Passt das zur Musik? Und wie. Richard Strauss liefert zwar auch die etwas parfümierte Fin-de-Siècle-Üppigkeit, die Oscar Wildes lüstern-erotischer Ambivalenz entspricht, aber sie ist geprägt von einer durchgängig beunruhigenden Nervosität, krassen Harmonien, clusterhaften Aufschreien im Orchester. Srba Dinic weiß den Walzertakt immer wieder bedrängend aufzuschaukeln.

Braunschweigs Staatsorchester bestens aufgestellt

Glänzend widerstehen dabei solistisch hervortretende Instrumente dem Sog, konterkarieren Flöte und Klarinette den Schwall, lassen brummende Bässe unter schrägen Solobassseufzern die Anspannung vor der erwarteten Tötung Jochanaans steigern, dräuen Kontrafagott und Fagotte karikierend, bevor die Sänger der Juden – aus dem Publikum heraus – um den Messias streiten. Dinic wagt auch ein ins Schrille führendes Accelerando am Ende des Tanzes, die perkussive Explosion, als Jochanaans Tod gewährt wird, den krachenden Cluster am Schluss. Auf allen Positionen eine starke Orchesterleistung.
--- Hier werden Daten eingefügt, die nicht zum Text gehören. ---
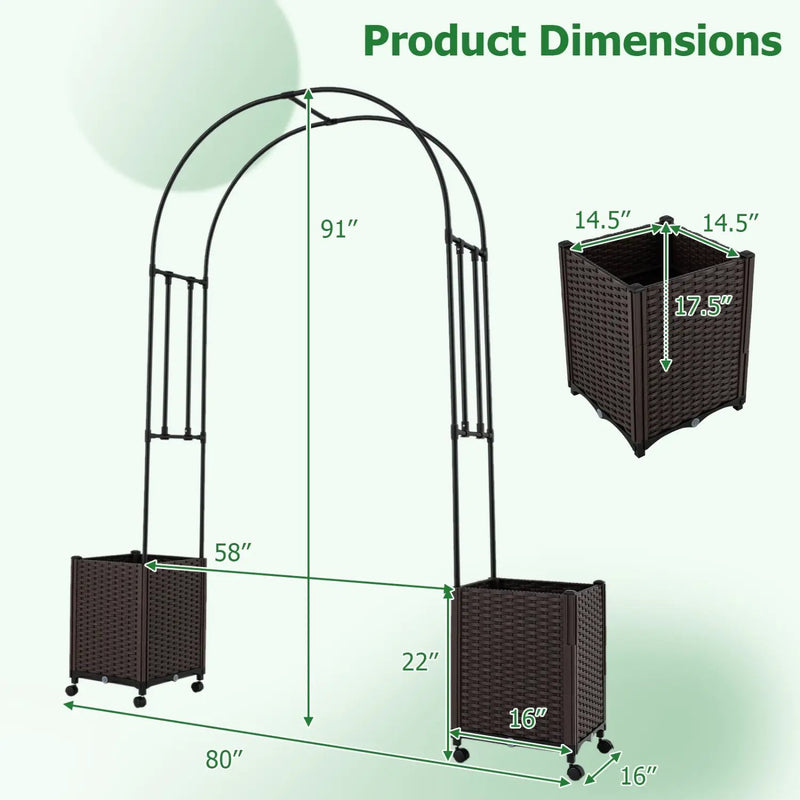 Garden Arch Trellis with 2 Self-watering Planter Boxes for Party Yard Lawn by DirectDeals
Und Dorothea Herbert singt mit unermüdlicher Stimme die Titelpartie, legt sich mit üppigem Sopran mal in die Wogen, mal sticht sie aus ihnen hervor. Bannend bis in den langen Schlussmonolog. Hans-Georg priese charakterisiert mit heldenhaft klarem Tenor den Herodes, Ursula Hesse von den Steinen mit schön fülligen Tönen die Herodias, und Matthew Peña mit leuchtender Lyrik den verliebten Narraboth. Michael Mrosek gibt den Jochanaan mit dramatisch bewegtem Bassbariton, da wäre mehr prophetisch strömende Weichheit denkbar. Rainer Mesecke etwa lässt sein Christus-Zeugnis als Nazarener wärmend fluten. Das Ensemble ergänzt präzise. Viel Applaus für eine starke Deutung und mitreißende Stimmen und Musik.

Wieder am 15., 22., 30. Dezember, 5., 10., 19., 21., 26. Januar. 1., 11. Februar.